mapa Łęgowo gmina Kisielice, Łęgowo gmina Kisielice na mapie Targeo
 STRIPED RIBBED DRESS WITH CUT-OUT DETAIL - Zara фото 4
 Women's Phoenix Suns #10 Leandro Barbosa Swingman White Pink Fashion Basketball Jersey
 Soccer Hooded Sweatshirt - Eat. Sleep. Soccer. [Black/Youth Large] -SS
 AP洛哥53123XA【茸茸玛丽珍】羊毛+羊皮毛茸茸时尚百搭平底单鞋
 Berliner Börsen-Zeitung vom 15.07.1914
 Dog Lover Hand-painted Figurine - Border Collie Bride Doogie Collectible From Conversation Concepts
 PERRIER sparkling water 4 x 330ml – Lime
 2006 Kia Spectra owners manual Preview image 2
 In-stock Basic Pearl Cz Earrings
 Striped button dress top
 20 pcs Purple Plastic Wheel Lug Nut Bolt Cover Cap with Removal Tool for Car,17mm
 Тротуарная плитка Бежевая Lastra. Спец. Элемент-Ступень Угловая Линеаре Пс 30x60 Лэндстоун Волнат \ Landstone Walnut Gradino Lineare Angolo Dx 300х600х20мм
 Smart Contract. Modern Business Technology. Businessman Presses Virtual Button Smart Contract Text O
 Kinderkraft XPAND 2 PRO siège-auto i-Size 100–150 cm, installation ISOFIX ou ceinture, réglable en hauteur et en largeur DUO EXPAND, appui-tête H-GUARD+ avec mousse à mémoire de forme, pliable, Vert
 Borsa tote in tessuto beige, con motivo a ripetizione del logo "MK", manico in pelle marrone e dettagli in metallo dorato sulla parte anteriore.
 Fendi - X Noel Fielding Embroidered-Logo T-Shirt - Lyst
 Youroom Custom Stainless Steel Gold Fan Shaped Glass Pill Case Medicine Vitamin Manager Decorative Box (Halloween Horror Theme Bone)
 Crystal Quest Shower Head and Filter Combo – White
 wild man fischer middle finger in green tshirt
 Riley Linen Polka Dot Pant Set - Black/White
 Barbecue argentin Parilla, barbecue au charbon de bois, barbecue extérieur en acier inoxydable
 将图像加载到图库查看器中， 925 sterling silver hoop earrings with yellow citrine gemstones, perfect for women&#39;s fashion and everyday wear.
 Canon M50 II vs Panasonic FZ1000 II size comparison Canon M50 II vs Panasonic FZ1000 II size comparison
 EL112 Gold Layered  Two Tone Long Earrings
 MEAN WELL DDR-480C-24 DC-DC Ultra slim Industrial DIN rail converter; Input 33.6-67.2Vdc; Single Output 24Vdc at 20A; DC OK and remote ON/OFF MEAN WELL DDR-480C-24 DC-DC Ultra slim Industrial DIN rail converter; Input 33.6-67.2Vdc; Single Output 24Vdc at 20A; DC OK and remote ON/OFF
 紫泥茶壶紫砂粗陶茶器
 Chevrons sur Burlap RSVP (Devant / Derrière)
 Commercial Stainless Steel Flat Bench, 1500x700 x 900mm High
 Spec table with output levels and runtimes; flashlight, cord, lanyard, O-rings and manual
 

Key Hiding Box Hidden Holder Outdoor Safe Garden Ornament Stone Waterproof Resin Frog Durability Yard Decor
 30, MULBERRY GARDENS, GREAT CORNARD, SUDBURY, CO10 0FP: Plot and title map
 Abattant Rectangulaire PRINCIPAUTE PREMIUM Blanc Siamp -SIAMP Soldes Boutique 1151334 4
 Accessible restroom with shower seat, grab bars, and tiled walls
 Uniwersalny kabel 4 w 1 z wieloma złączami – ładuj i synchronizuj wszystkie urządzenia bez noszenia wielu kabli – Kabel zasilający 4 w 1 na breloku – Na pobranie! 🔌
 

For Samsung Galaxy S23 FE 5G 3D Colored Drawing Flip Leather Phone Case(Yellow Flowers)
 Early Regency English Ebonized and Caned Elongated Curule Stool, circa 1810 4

Task requirements.
Copy the entries word for word. Leave nothing out.

Expected answer.
mapa Łęgowo gmina Kisielice, Łęgowo gmina Kisielice na mapie Targeo
 STRIPED RIBBED DRESS WITH CUT-OUT DETAIL - Zara фото 4
 Women's Phoenix Suns #10 Leandro Barbosa Swingman White Pink Fashion Basketball Jersey
 Soccer Hooded Sweatshirt - Eat. Sleep. Soccer. [Black/Youth Large] -SS
 AP洛哥53123XA【茸茸玛丽珍】羊毛+羊皮毛茸茸时尚百搭平底单鞋
 Berliner Börsen-Zeitung vom 15.07.1914
 Dog Lover Hand-painted Figurine - Border Collie Bride Doogie Collectible From Conversation Concepts
 PERRIER sparkling water 4 x 330ml – Lime
 2006 Kia Spectra owners manual Preview image 2
 In-stock Basic Pearl Cz Earrings
 Striped button dress top
 20 pcs Purple Plastic Wheel Lug Nut Bolt Cover Cap with Removal Tool for Car,17mm
 Тротуарная плитка Бежевая Lastra. Спец. Элемент-Ступень Угловая Линеаре Пс 30x60 Лэндстоун Волнат \ Landstone Walnut Gradino Lineare Angolo Dx 300х600х20мм
 Smart Contract. Modern Business Technology. Businessman Presses Virtual Button Smart Contract Text O
 Kinderkraft XPAND 2 PRO siège-auto i-Size 100–150 cm, installation ISOFIX ou ceinture, réglable en hauteur et en largeur DUO EXPAND, appui-tête H-GUARD+ avec mousse à mémoire de forme, pliable, Vert
 Borsa tote in tessuto beige, con motivo a ripetizione del logo "MK", manico in pelle marrone e dettagli in metallo dorato sulla parte anteriore.
 Fendi - X Noel Fielding Embroidered-Logo T-Shirt - Lyst
 Youroom Custom Stainless Steel Gold Fan Shaped Glass Pill Case Medicine Vitamin Manager Decorative Box (Halloween Horror Theme Bone)
 Crystal Quest Shower Head and Filter Combo – White
 wild man fischer middle finger in green tshirt
 Riley Linen Polka Dot Pant Set - Black/White
 Barbecue argentin Parilla, barbecue au charbon de bois, barbecue extérieur en acier inoxydable
 将图像加载到图库查看器中， 925 sterling silver hoop earrings with yellow citrine gemstones, perfect for women&#39;s fashion and everyday wear.
 Canon M50 II vs Panasonic FZ1000 II size comparison Canon M50 II vs Panasonic FZ1000 II size comparison
 EL112 Gold Layered  Two Tone Long Earrings
 MEAN WELL DDR-480C-24 DC-DC Ultra slim Industrial DIN rail converter; Input 33.6-67.2Vdc; Single Output 24Vdc at 20A; DC OK and remote ON/OFF MEAN WELL DDR-480C-24 DC-DC Ultra slim Industrial DIN rail converter; Input 33.6-67.2Vdc; Single Output 24Vdc at 20A; DC OK and remote ON/OFF
 紫泥茶壶紫砂粗陶茶器
 Chevrons sur Burlap RSVP (Devant / Derrière)
 Commercial Stainless Steel Flat Bench, 1500x700 x 900mm High
 Spec table with output levels and runtimes; flashlight, cord, lanyard, O-rings and manual
 

Key Hiding Box Hidden Holder Outdoor Safe Garden Ornament Stone Waterproof Resin Frog Durability Yard Decor
 30, MULBERRY GARDENS, GREAT CORNARD, SUDBURY, CO10 0FP: Plot and title map
 Abattant Rectangulaire PRINCIPAUTE PREMIUM Blanc Siamp -SIAMP Soldes Boutique 1151334 4
 Accessible restroom with shower seat, grab bars, and tiled walls
 Uniwersalny kabel 4 w 1 z wieloma złączami – ładuj i synchronizuj wszystkie urządzenia bez noszenia wielu kabli – Kabel zasilający 4 w 1 na breloku – Na pobranie! 🔌
 

For Samsung Galaxy S23 FE 5G 3D Colored Drawing Flip Leather Phone Case(Yellow Flowers)
 Early Regency English Ebonized and Caned Elongated Curule Stool, circa 1810 4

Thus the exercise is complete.